I would suggest a few things, although there’s a lot more.
A teacher of Bible, Avivah Zornberg, wrote a book on the Book of Numbers and entitled it “Bewilderments.” She was referring to the fact that the wilderness was an experience that not only reflected external danger but also created an awareness of deeper vulnerability. It’s one thing to experience danger, but another thing to understand and control our responses.
We learn that they formed the communal organization where they were tied to each other for both protection and spiritual expression. I often think that community plays a more important role today than ever, even though most ignore its importance. Though we are highly technologically advanced, we clearly need other people. Although the world is more connected and ideas more universal, we need to connect to people with a common past, people who share a tradition, and people who hold onto similar dreams. During difficult times it is so important to have a community of people who care for each other. So too, during times of joy, the community enables our happiness to be shared and increased.
It was in the wilderness that the people forged a relationship with a spiritual presence, God. Clearly, in times where we are challenged, when we are faced with uncertainty, and when we’re feeling vulnerable, we need something more to hold on to. We need a source to direct our yearnings and our cries. We need to be able to turn deeply into our own souls and spirits where we find more then the material, but the spiritual. We also can find comfort praying to the Source of the universe.
During uncertain and vulnerable times a structured life becomes more important so all doesn’t fall into confusion. For us, that is where a Torah, with its laws and regulations, requirements for Shabbat and holy times, rules about human behavior can give a sense of certainty and boundaries, when it seems there are none.

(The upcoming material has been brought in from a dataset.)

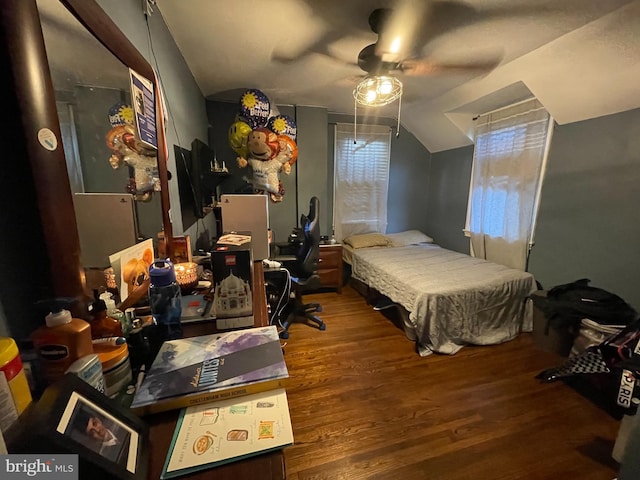7301 Granite Rd, Elkins Park, PA 19027 - bedroom featuring wood finished floors, vaulted ceiling, and a ceiling fan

Yesterday Mark Zuckerberg gave the graduation speech to Harvard’s class of 2017. He addressed some of the uncertainties of this world, and ended his speech with a prayer, mi Shebeirach. He mentioned that he says it to his daughter before he puts her to bed. It is the particular mi shebeirach prayer that was written by Debbie Freidman. “May the source of strength who blessed the ones before us, help us find the courage to make our lives a blessing.”
It points to one more thing regarding the way we face our world and the message from Bamidbar. And that is, we have to work hard to make our lives a blessing. We have to join together, doing good works, speaking the truth and speaking out for the truth. To make our lives a blessing, we must be involved in all of those things that help improve life and the future of humanity.